Do not appear to place blame on the other parent or criticize them. Even if it's not your intention, this can make the child feel they must choose sides. Remember, your kids are "one-half" your ex. If you make them feel like something is wrong with their other parent, they can internalize it and believe something is wrong with them.
Unify your approach.
If possible and practical (which often, it may not be), discuss your divorce with your spouse physically in the room. This presents a unified front and shows the kids that, although things are changing, you are both still their parents. The two of you can still make and follow through on parental decisions. It's important to act and present yourselves like the responsible, capable adults that you were before the split. This reaffirms to your children that their reality hasn't turned upside down. Remind them you love and adore them, and you don't expect them to compartmentalize their lives. Yes, they might now have two homes, but they still have just one life. Encourage them to celebrate BOTH parents without fear that the other might suffer hurt feelings or resentment.
Related: Create Your Own Co-Parenting Plan
Encourage your kids to share their feelings.
While you are the one bringing new and consequential information to the table, you shouldn't be doing all of the talking. Your children may have questions as well as initial reactions. Listen to them.
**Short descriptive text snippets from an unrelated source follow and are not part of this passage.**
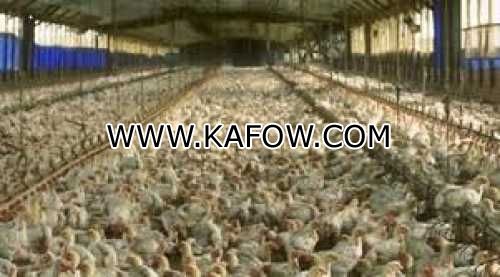 Emirates National Poultry Farms LLC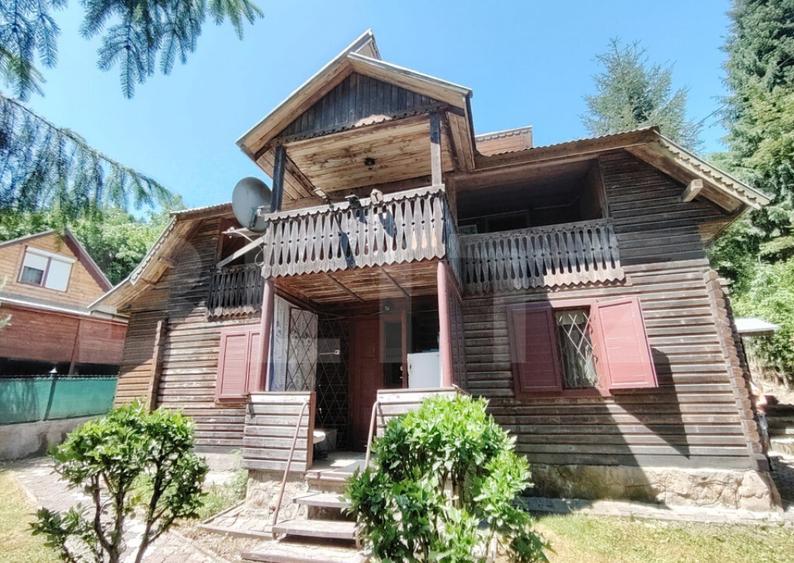 Cabana 5 camere Salard - 10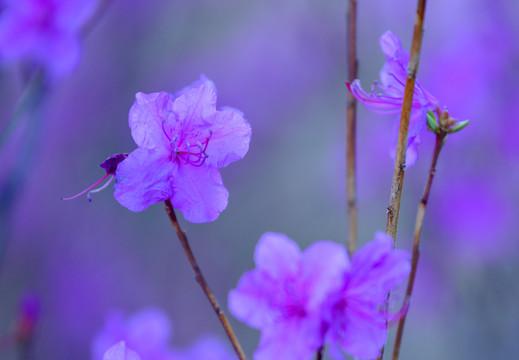 兴安杜鹃花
Reassure them that it's okay to feel the way they do. Support them, and let them know you will get through this together.
Check in with the kids periodically to see how they're doing and if they have any questions. For young children, we often suggest that you include them in setting up their new room or home, making it exciting as opposed to upsetting. (That said, they still might be sad, and sad is OK. It's just one step in a journey that will make them more resilient and more bonded to you.)
Avoid letting your emotions drive the conversation.
Your children will look to you for cues about how to react to the situation. If they see you getting emotional, it may worsen things for them or even frighten them. Avoid exacerbating what is already a hard situation. Do your best to remain calm and reassuring when explaining the divorce.
Although a lot will be changing, you are both still their parents. You both still love them, and that will never change. Make sure they know that.
Do not involve the kids any more than necessary in the divorce. This can be a scary time for children. It can feel like the world they knew is gone for good. Reassure them that this is not the case ... that in the end, things will be alright.